Florence is a character in one of East Africa’s popular soap operas, but her storyline—of rural youth struggling to find opportunity—is real and all too common for many young people in Africa.
According to the Alliance for a Green Revolution in Africa, “Over 40 percent of the total unemployed in Africa are youth; and 70 percent of them live in rural areas.” Addressing this challenge isn’t easy, and there are lots of factors that need to come together for youth to find jobs in rural areas. However, Florence is emerging as a heroine and bringing the struggles and aspirations of rural youth to millions of people. Even more importantly, her story—and the multimedia programming delivered alongside it—are providing resources and ideas to youth watching the show all over the region.
The “edutainment” oriented storyline is a result of a new partnership between Feed the Future’s Africa Lead II program and Mediae, a production company that produces the television show “Makutano Junction” as well as “Shamba Shape Up,” another agriculture-focused show.
The new season of “Makutano Junction” started airing in January 2016 and broadcasts weekly across Kenya, Tanzania and into Uganda.
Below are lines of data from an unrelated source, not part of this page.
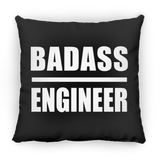 Badass Engineer - Throw Pillow Black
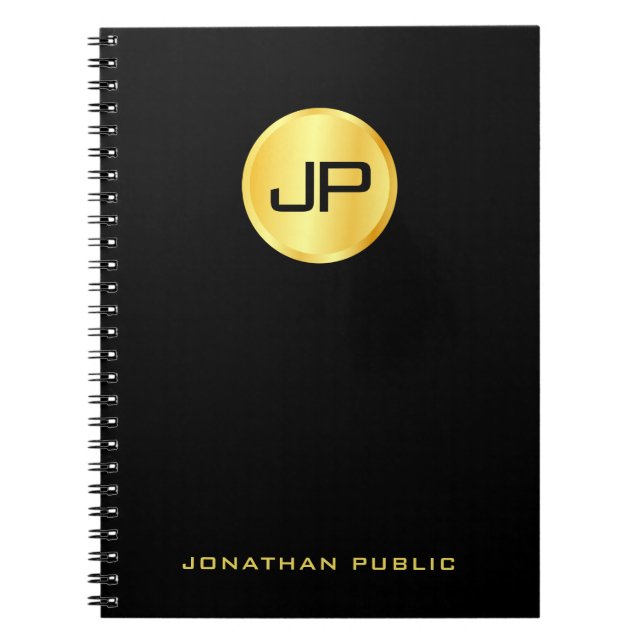 Carnet Modèle Monogramme Noir Et Or Personnalisé (Devant)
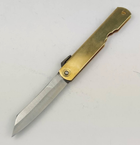 Нож складной Higonokami 100 mm, Aogami сталь, рукоятка - латунь, Honmamon (1115372) - изображение 3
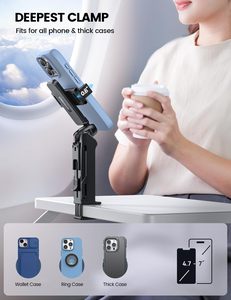 Support <span class=keywords><strong>de</strong></span> téléphone universel Lamicall STRL03 pour voyage, pince la plus profonde, support réglable à 360°, compatible avec les étuis robustes pour avion, train - Product Image 2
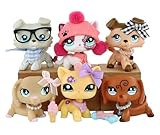 TXLDHVAZI Mini Shop Pet Figure Toys Dachshund #640#909 Collie #363#893 and Short Hair cat #2291#1962 Animal Figure Collection Toys, Brown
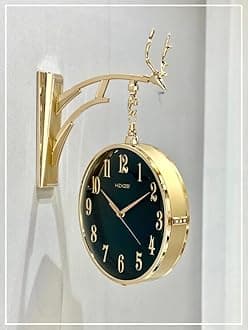 Wall Clock Non Ticking,Hanging Wall Clocks Modern Style for Home, Office, Kitchen, Bedroom, Living Room, School Decorative (W4-Gold)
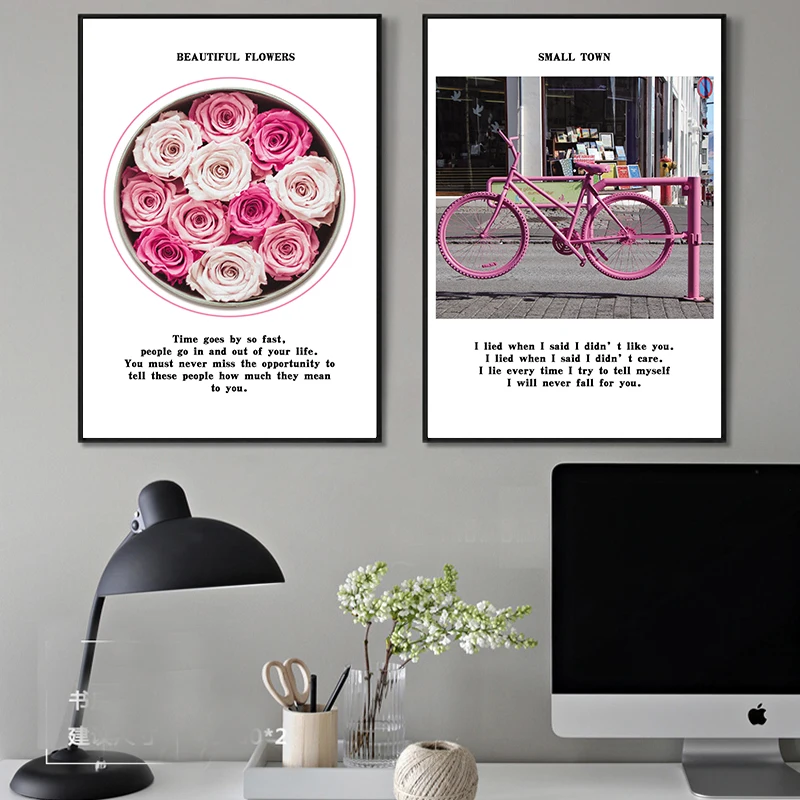 

Wall Art Picture Small Town Pink Bicycle Fresh Rose Landscape Painting Art Print Poster Living Room Coffee Home Decor Background
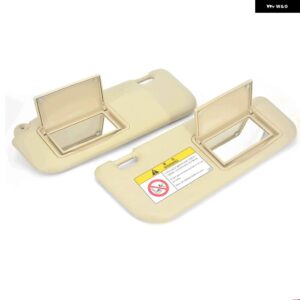 車用サンバイザー フロントガラス シェード シールド サンシェード カバー メイクアップミラー 付き トヨタ カローラ 2014-2019 - 1Pair Beige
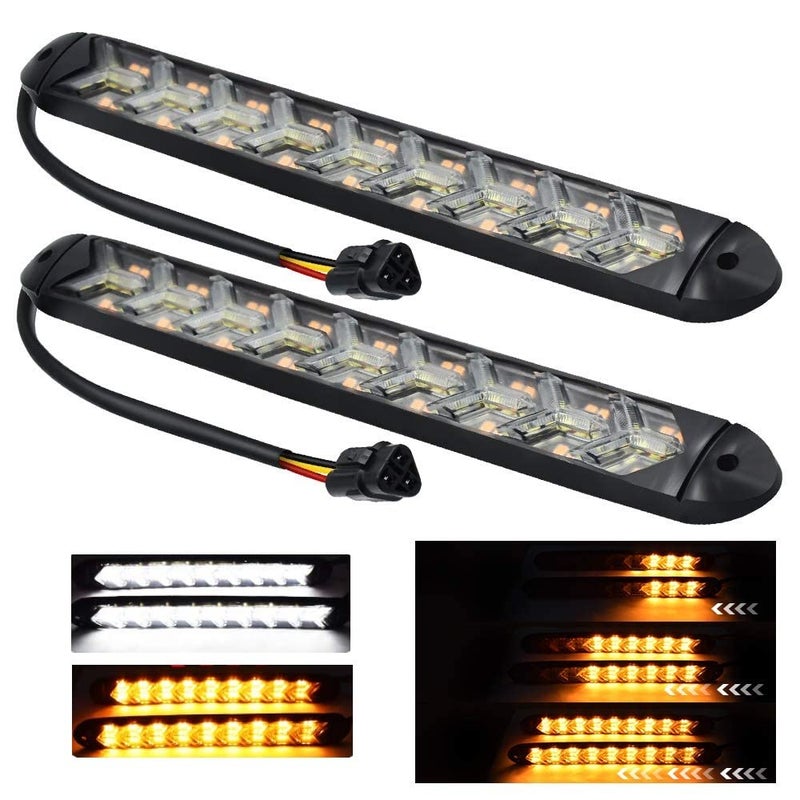 YEERON 2 In1 Fuction Arrow LED DRL Strip Switchback Dual-Color Amber/White Waterproof LED Flexible Lights for DRL & Turn Signal Lights.(White+Amber) 2-Pack. - Image 1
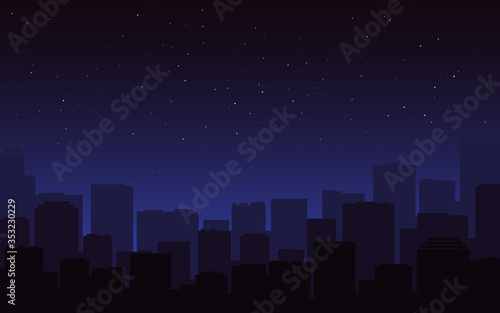 City silhouette night. Dark blue cityscape skyline. Urban view, buildings in the fog. Starry night sky and street panorama. Modern city and stars for poster, banner. Vector illustration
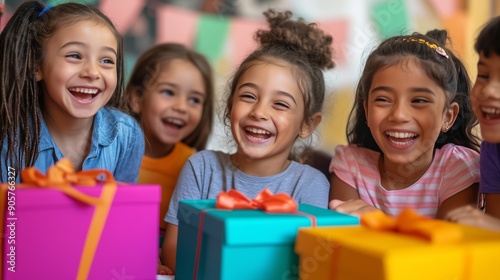 Children laughing with gifts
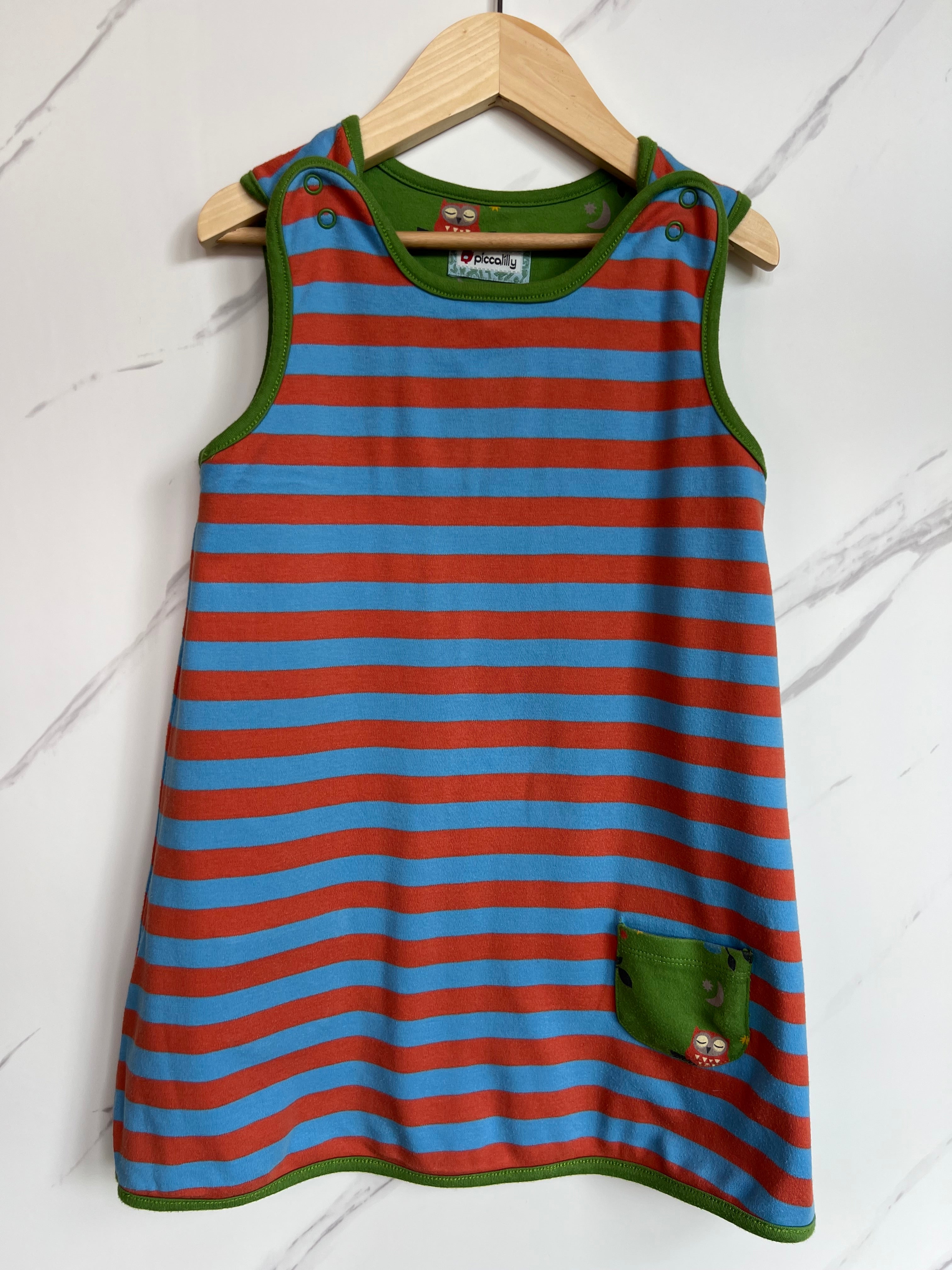 Piccallily Green Owls Reversible Dress Age 3 Years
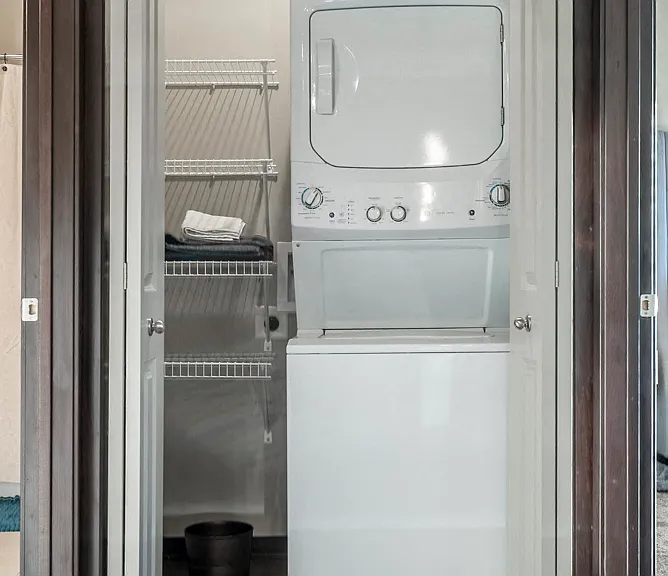 Each villa includes a stackable or full-size washer and dryer.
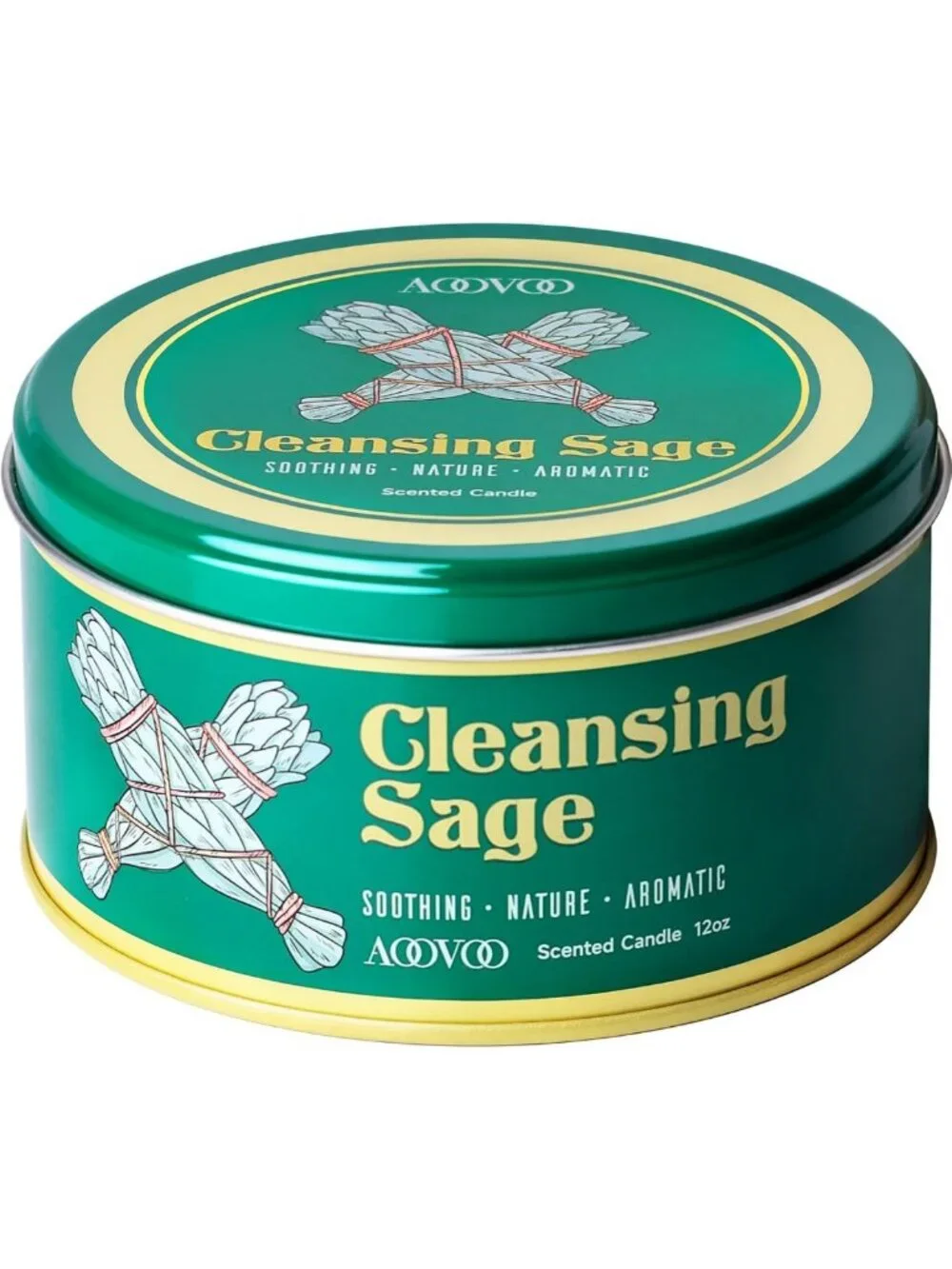 Large 12oz Sage Candle with Crystals & Leaves - Aromatherapy for Meditation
The story plays out over eight episodes in this award-winning, youth-focused television drama and has an SMS-driven audience response component to engage youth on agribusiness entrepreneurship. Designed to focus on three critical phases of nearly all small agribusinesses, the Florence storyline shows that small agribusiness development is a viable, attractive career option.
Aimed at taking the mystery out of starting a small business, it also helps young people realize that they already have many of the skills required of a small start-up. The show aims to help young people overcome emotional and social barriers to starting a business in agriculture. Additionally, the show addresses fears associated with first-time business start-ups, including fear of losing money, fear of looking bad, fear of change, and fear that one is not an entrepreneur.
Learning doesn’t end after the 30 minutes of an episode. The show’s media outreach and social media efforts, specifically an interactive SMS messaging campaign, work to arm potential youth agribusiness entrepreneurs with basic knowledge in the main areas of small agribusiness. The content for these focus areas involved technical input from Africa Lead and the Kenya Agricultural Value Chain Enterprises project, a United States Agency for International Development program that seeks to increase the productivity and incomes of smallholders and other actors along staple crops, dairy and horticulture value chains, thereby enhancing food security and improving nutrition.
While there’s no spoiler here, Florence, in her quest to overcome various emotional, social and business challenges, confronts the same challenges encountered by young agribusiness entrepreneurs around the world. Will she choose the city over her rural community? Will she triumph over her challenges? Will she discover opportunities that she didn’t know existed? Will she decide to farm or not to farm? As they say, that is the question.